ACTIVITY: Reproduce exactly the entries from the "editorial — Julia Reeser" line to the end. Skip all pictures.

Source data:

Content starts

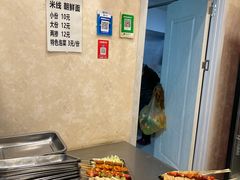 -二钢串叔麻辣烫(华龙大厦店)
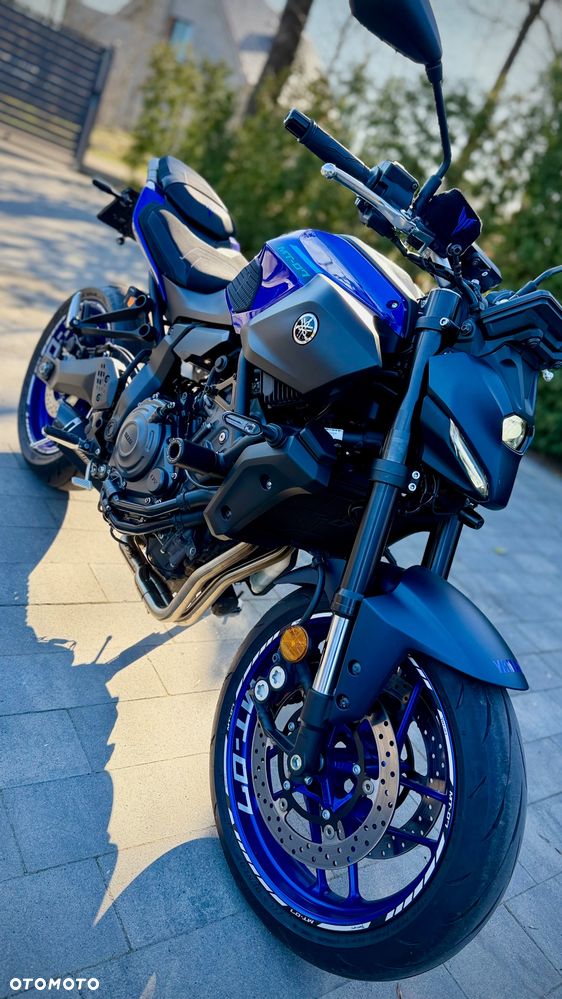 Yamaha MT - 2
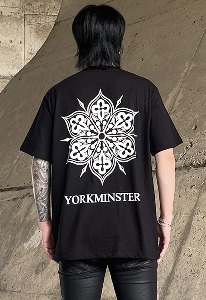 gothic design short sleeve - black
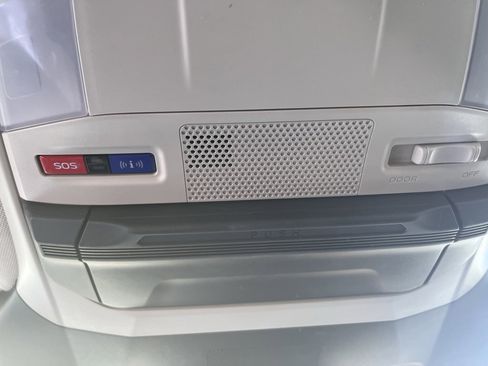 Used 2023 Subaru Ascent Premium w/ Convenience Package image 19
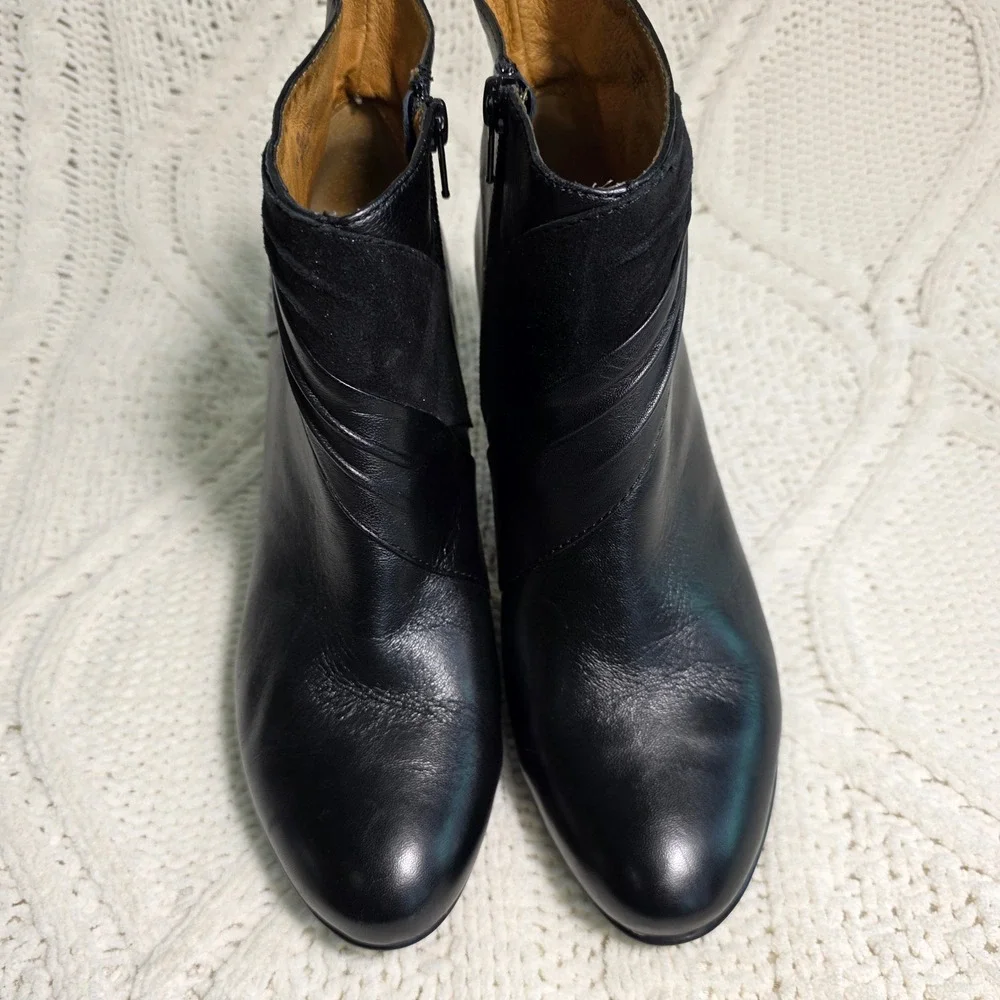 Sofft Ankle Boots Black Leather Suede Ruched‎ Swirl Heeled Booties Womens 9M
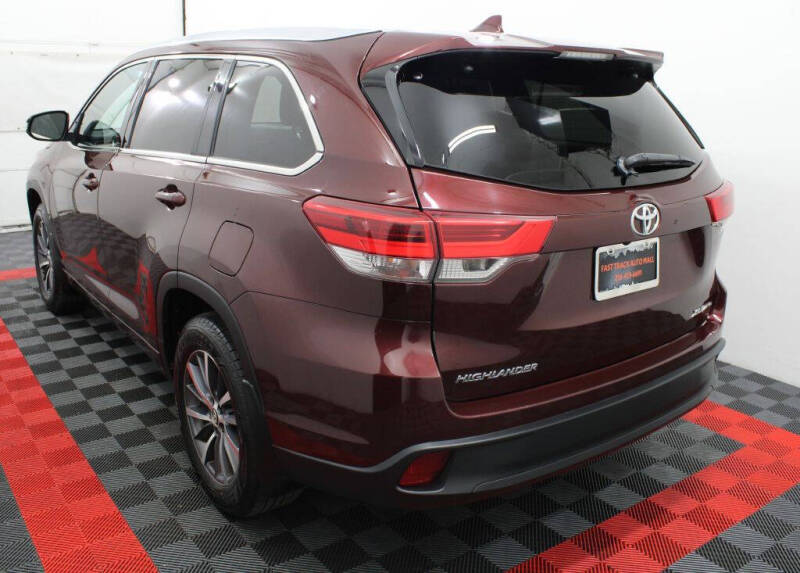 2017 Toyota Highlander SE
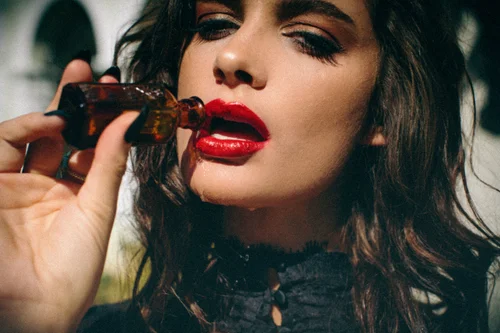 editorial — Julia Reeser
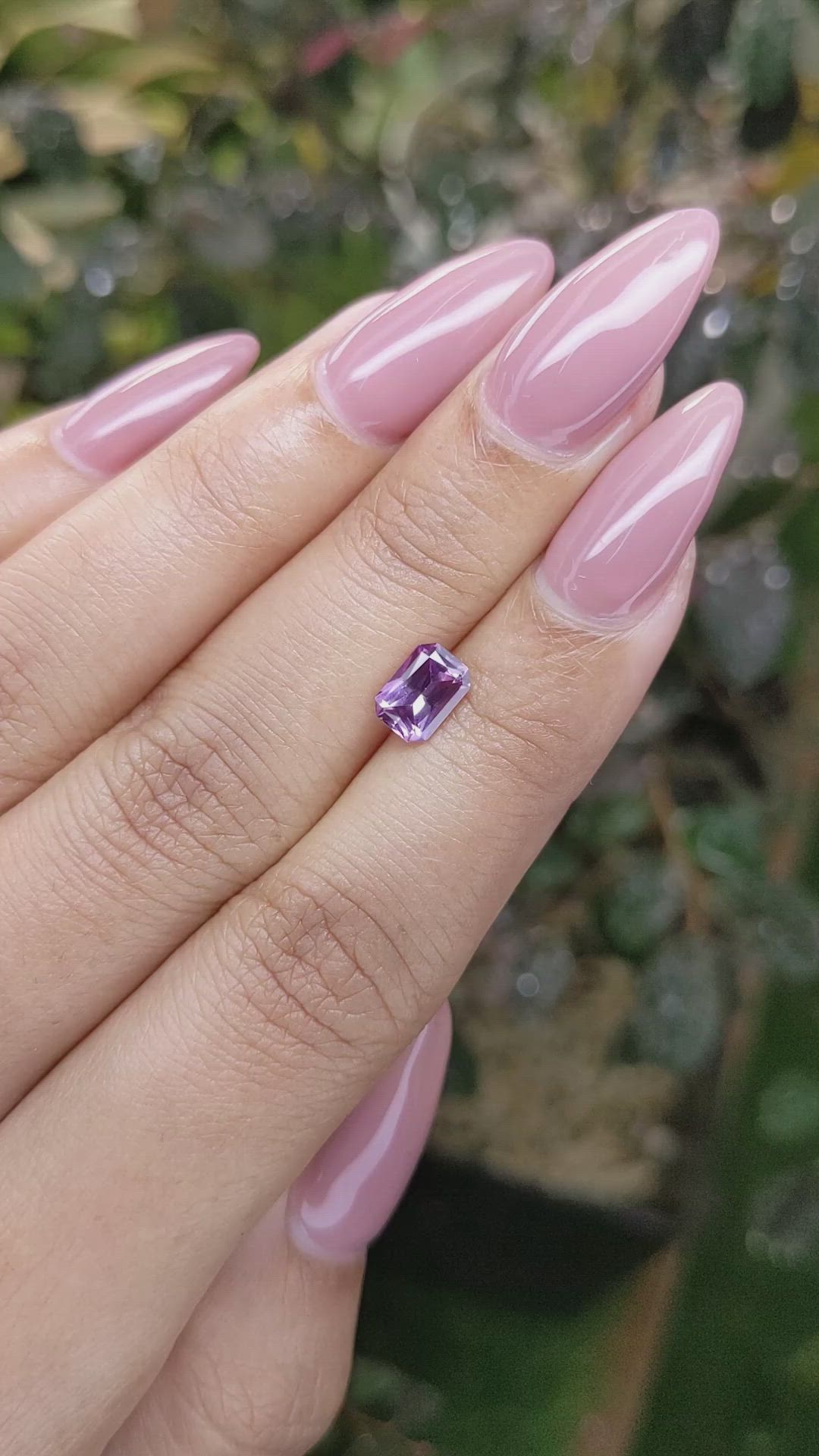 1.07 Ct. Pinkish Purple Sapphire from Ceylon (Sri Lanka) Size Video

Content ends

EXERCISE RESULT:
 editorial — Julia Reeser
 1.07 Ct. Pinkish Purple Sapphire from Ceylon (Sri Lanka) Size Video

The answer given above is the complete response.